Areas from which Hamas has launched rockets that have killed three Israelis in the past year saw heavy clashes on the ground on Saturday and air strikes continued to pound buildings and homes that Israel said were used by militants. In some of these attacks, children as young as six months have been killed.
Israel says militants use the population as cover by firing from built-up areas and blamed Hamas for the civilian deaths -- at least 30 occurred on Saturday.
Senior Israeli diplomat Daniel Carmon dismissed suggestions Israel was guilty of war crimes. “Hamas bears sole responsibility for the violence,” he told the Security Council.
Palestinian officials said the day’s bloodshed was the worst since an “intifada” or uprising against Israeli occupation broke out in 2000, halting an earlier peace process.
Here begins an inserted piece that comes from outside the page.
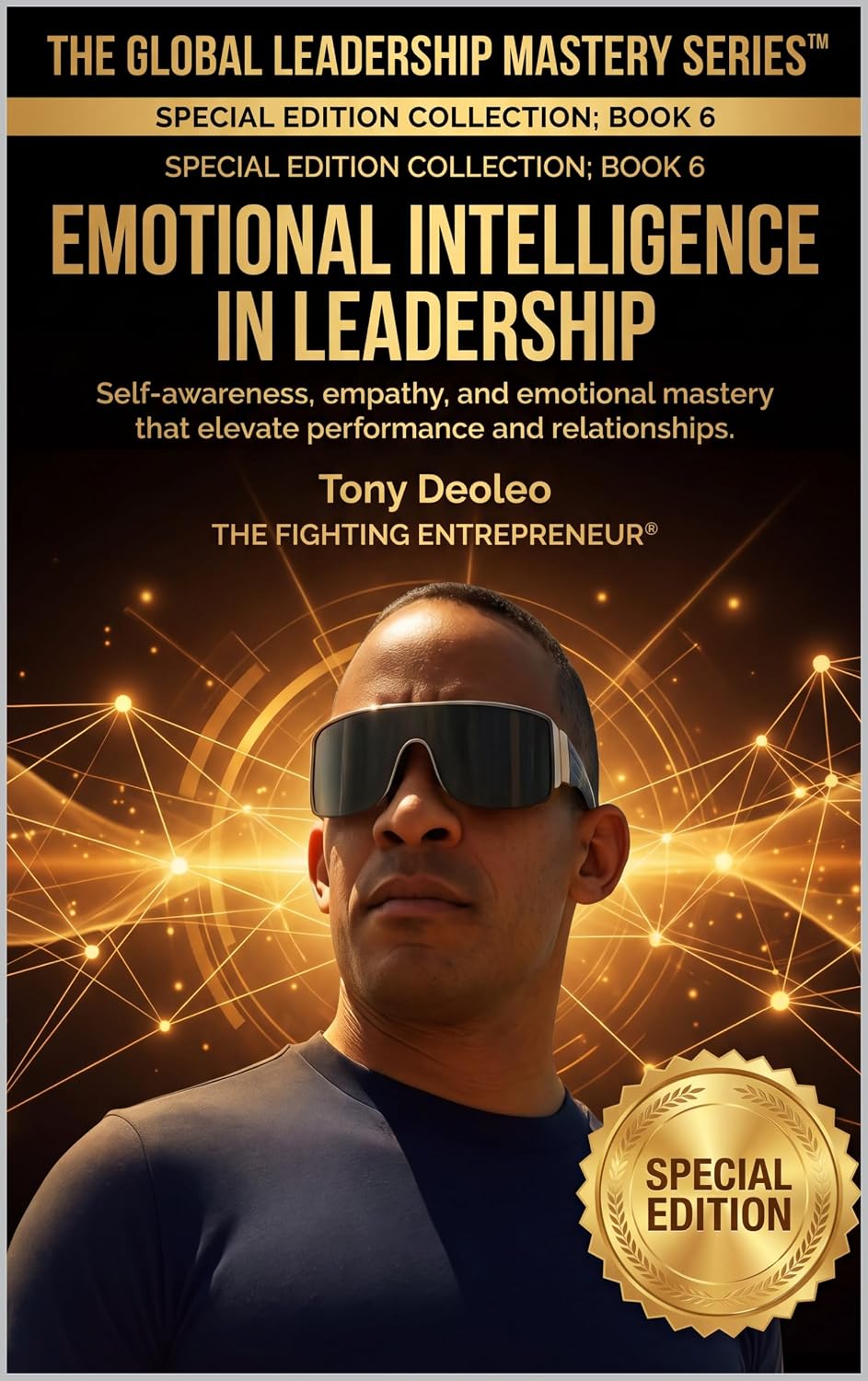 Emotional Intelligence in Leadership: Self-Awareness, Empathy, and Emotional Mastery That Elevate Performance and Relationships (The Global Leadership... and Influence Book 7) (English Edition) baixar o livro de graça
Not since a first intifada in the 1980s had so many died in a day, they said.
Diplomats said the Security Council was unlikely to adopt a Libyan resolution that condemns Israel’s killing of civilians but makes no mention of the Palestinian rocket fire.
The United States, Israel’s closest ally and a veto-wielding member of the Council, made clear its understanding of the Israeli position, while regretting loss of life on both sides.
“There is a clear distinction between terrorist rocket attacks that target civilians and action in self-defense,” White House spokesman Gordon Johndroe said.
European diplomats said they believed the world body should at least make some comment on bloodshed which some say jeopardizes the new U.S.-backed peace talks between Israel and Abbas, who holds sway now only in the occupied West Bank.
Abbas’s chief peace negotiator Ahmed Qurie called off a meeting scheduled for Monday with his Israeli counterpart, Foreign Minister Tzipi Livni, Israeli officials said.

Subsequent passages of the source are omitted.